Collected data entries
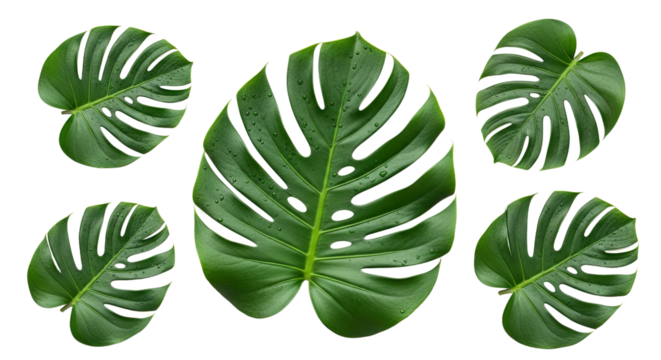 Collection of Five Green Monstera Leaves Isolated on White Background.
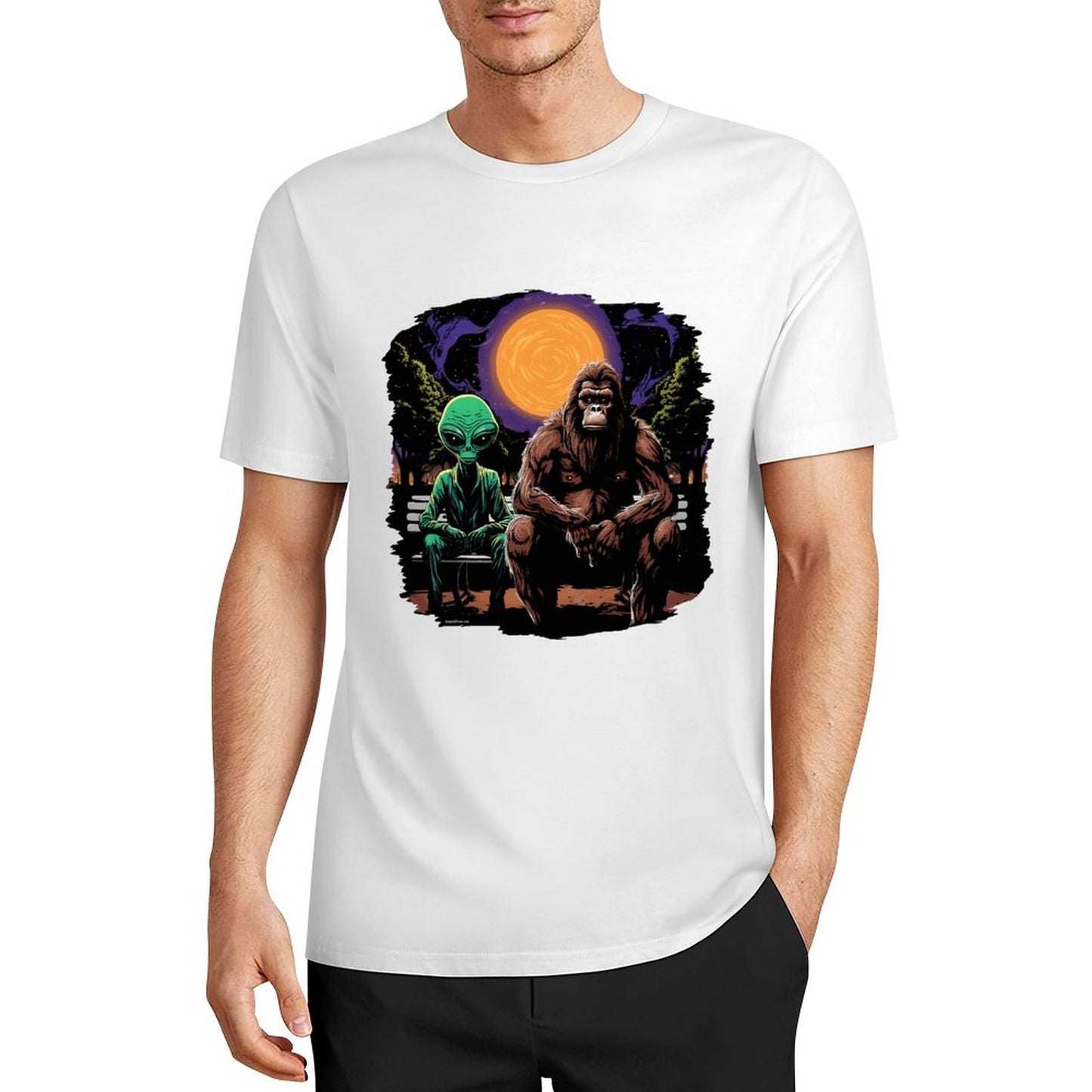 Bigfoot - Sasquatch & Alien Short Sleeve Cotton T-Shirt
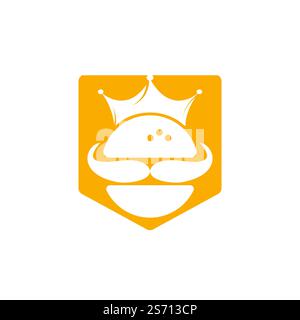 Burger king vector logo design. Burger with crown and mustache icon logo concept. Stock Vector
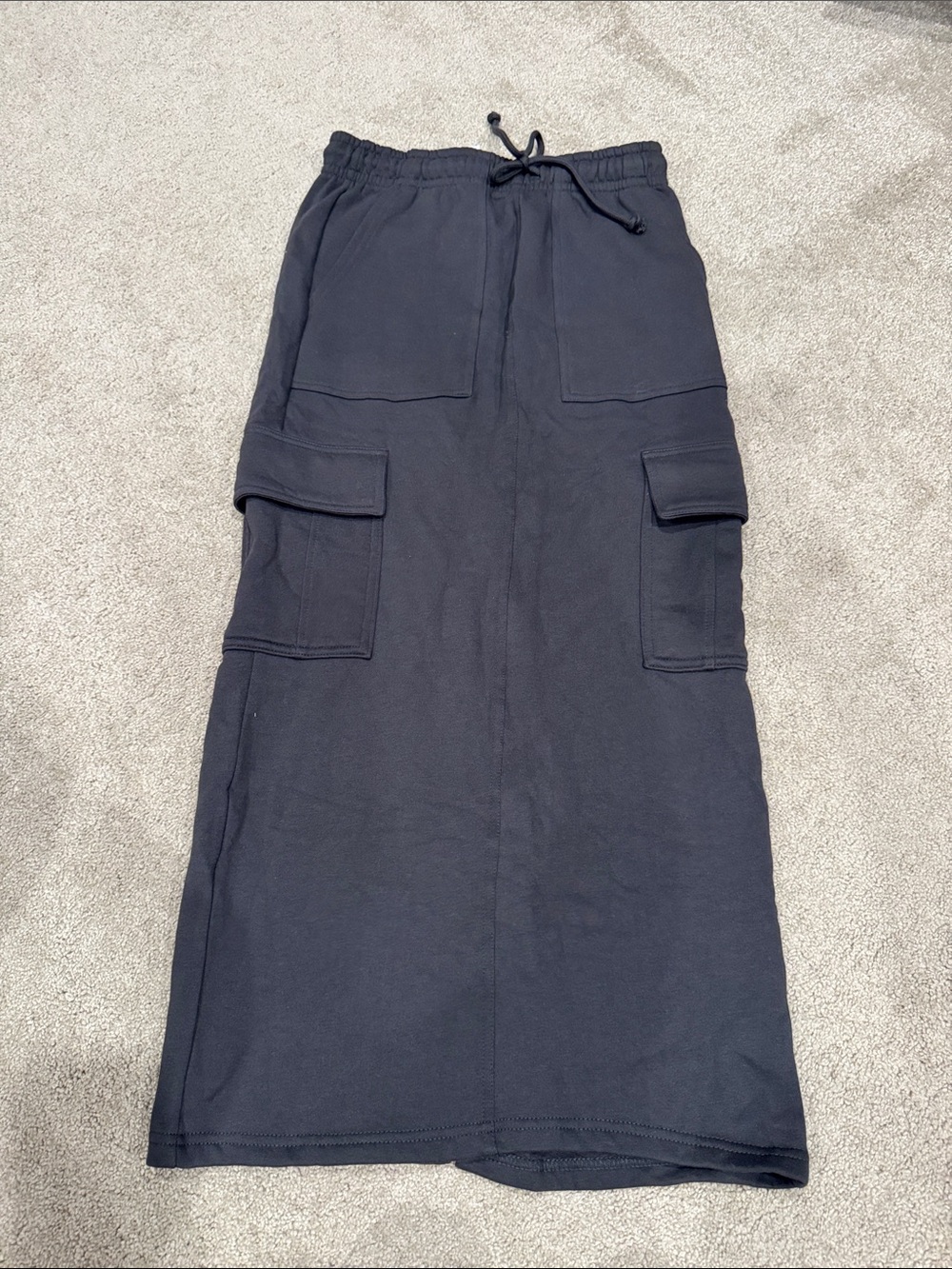 Cargo Pocket Drawstring Maxi Skirt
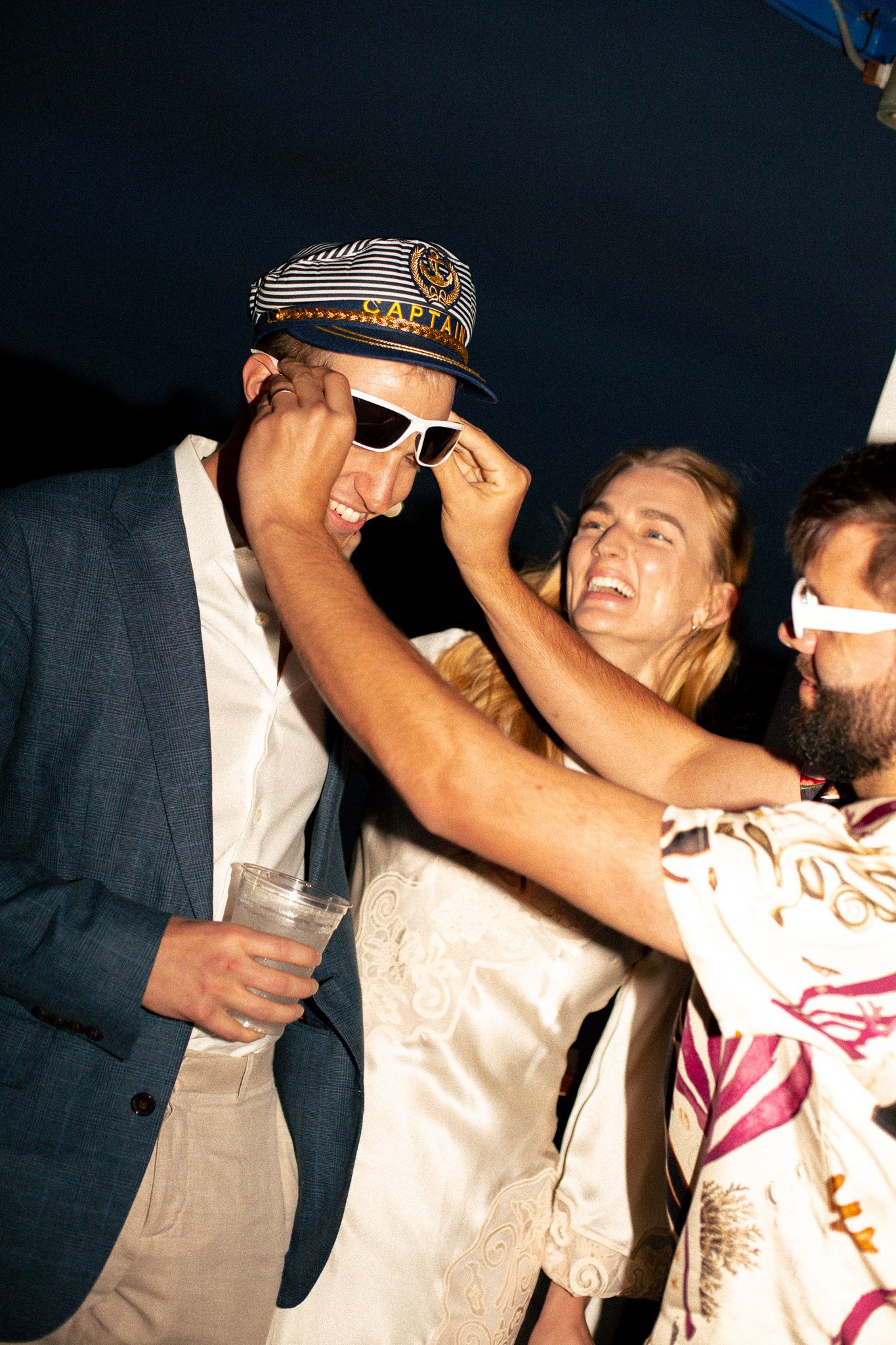 fun wedding welcome party on a boat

■ Task directions ■
Without including any pictures, output all the entries above exactly.

■ Exercise result ■
 Collection of Five Green Monstera Leaves Isolated on White Background.
 Bigfoot - Sasquatch & Alien Short Sleeve Cotton T-Shirt
 Burger king vector logo design. Burger with crown and mustache icon logo concept. Stock Vector
 Cargo Pocket Drawstring Maxi Skirt
 fun wedding welcome party on a boat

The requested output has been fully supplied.